Directions
Output everything in the data exactly, leaving the pictures out.
┄┄┄┄┄┄┄┄┄┄
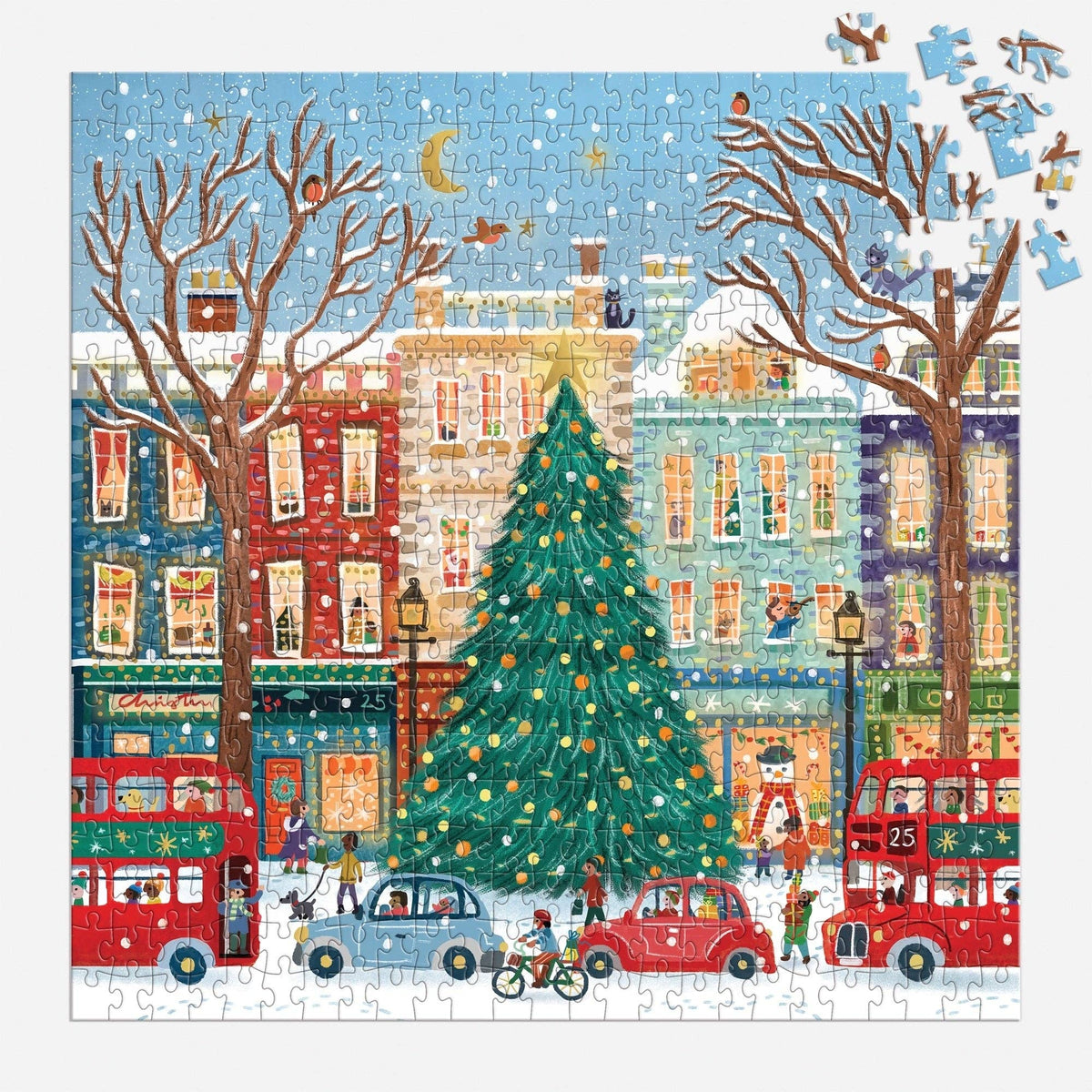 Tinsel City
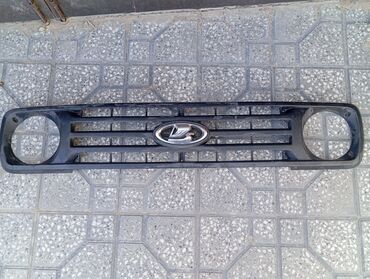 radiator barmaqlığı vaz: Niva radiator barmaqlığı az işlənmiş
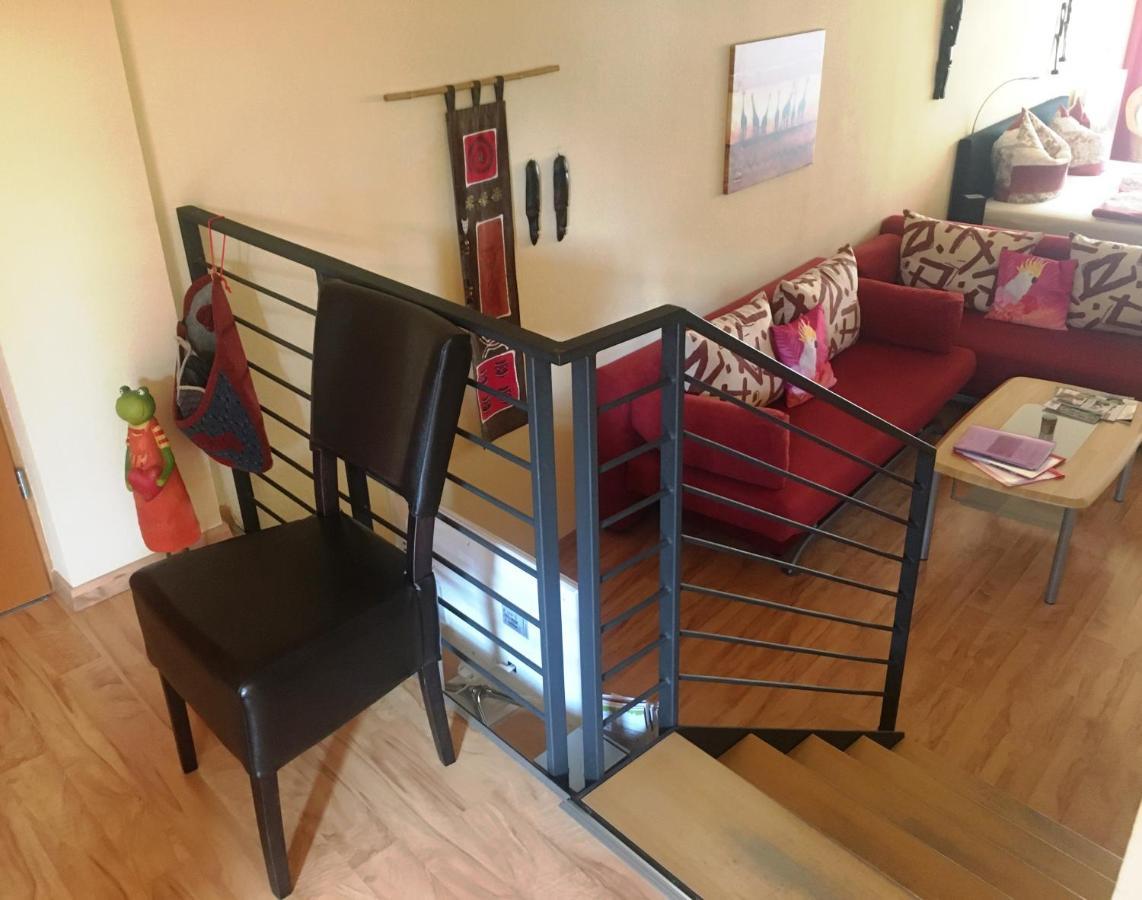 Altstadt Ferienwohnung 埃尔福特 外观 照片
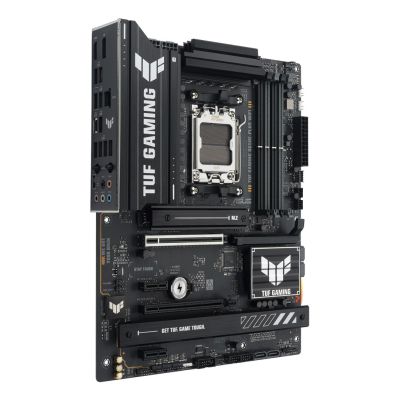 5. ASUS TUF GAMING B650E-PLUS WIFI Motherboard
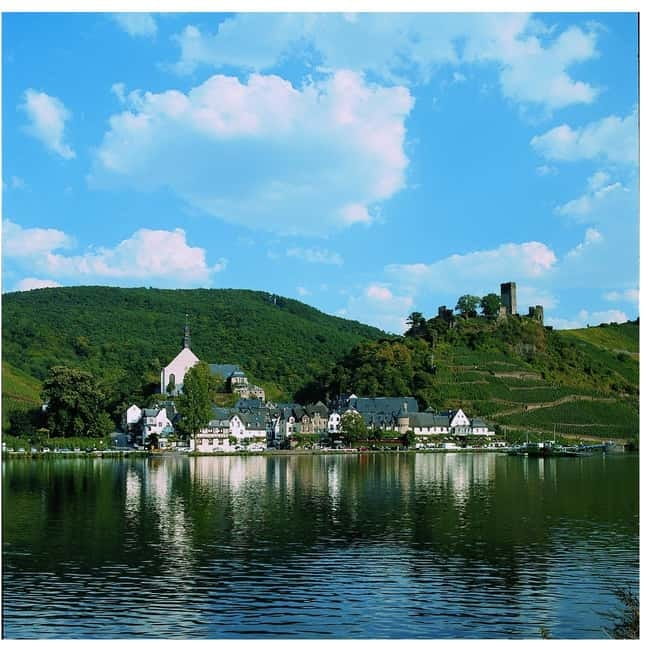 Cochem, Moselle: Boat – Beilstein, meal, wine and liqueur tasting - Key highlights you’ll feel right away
┄┄┄┄┄┄┄┄┄┄
Result below
 Tinsel City
 radiator barmaqlığı vaz: Niva radiator barmaqlığı az işlənmiş
 Altstadt Ferienwohnung 埃尔福特 外观 照片
 5. ASUS TUF GAMING B650E-PLUS WIFI Motherboard
 Cochem, Moselle: Boat – Beilstein, meal, wine and liqueur tasting - Key highlights you’ll feel right away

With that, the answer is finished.